▶ [Data segment]
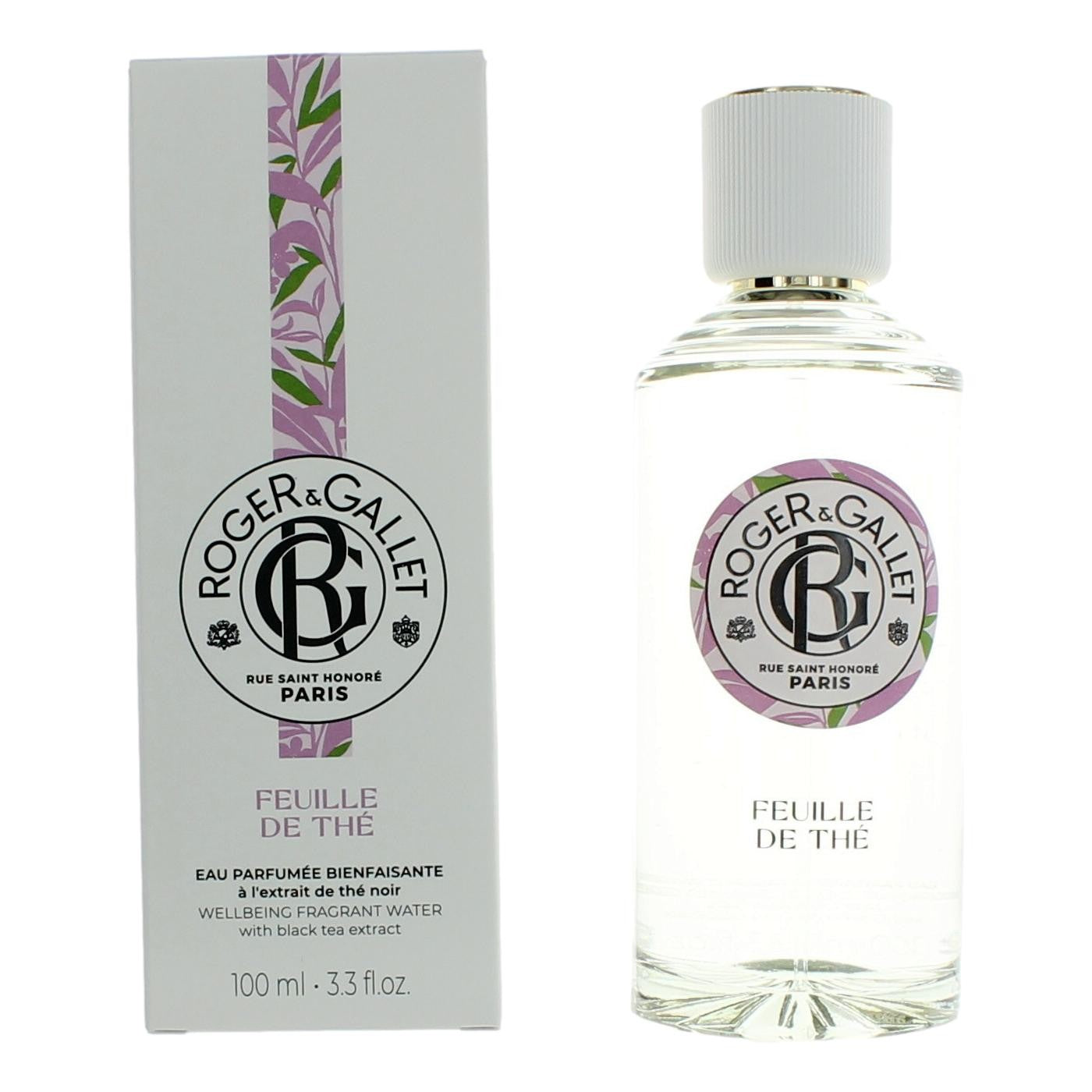 Roger & Gallet Roger & Gallet Feuille De The Eau de Parfum Spray for Unisex 3.3 Fl Oz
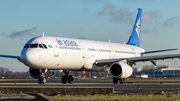 Air Astana Airbus A321-231 (P4-OAS) at  Amsterdam - Schiphol, Netherlands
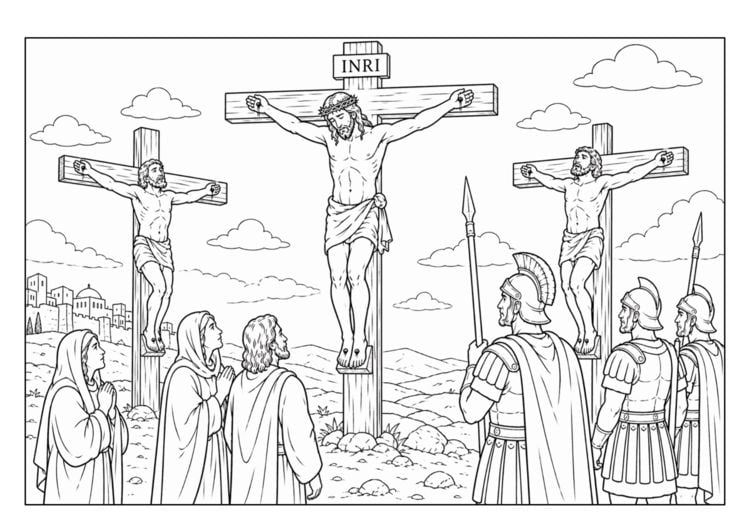 Produktbild: Bibel Malbuch f&uuml;r Kinder ab 8 Jahren und Erwachsene mit 74 wundersch&ouml;nen Ausmalmotiven aus dem Alten und Neuen Testament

▶ [Problem to work on]
Please output the listing above exactly from its first line through the line with "Air Astana Airbus", both included, and nothing beyond that line. Omit pictures.

▶ [Finished exercise]
 Roger & Gallet Roger & Gallet Feuille De The Eau de Parfum Spray for Unisex 3.3 Fl Oz
 Air Astana Airbus A321-231 (P4-OAS) at  Amsterdam - Schiphol, Netherlands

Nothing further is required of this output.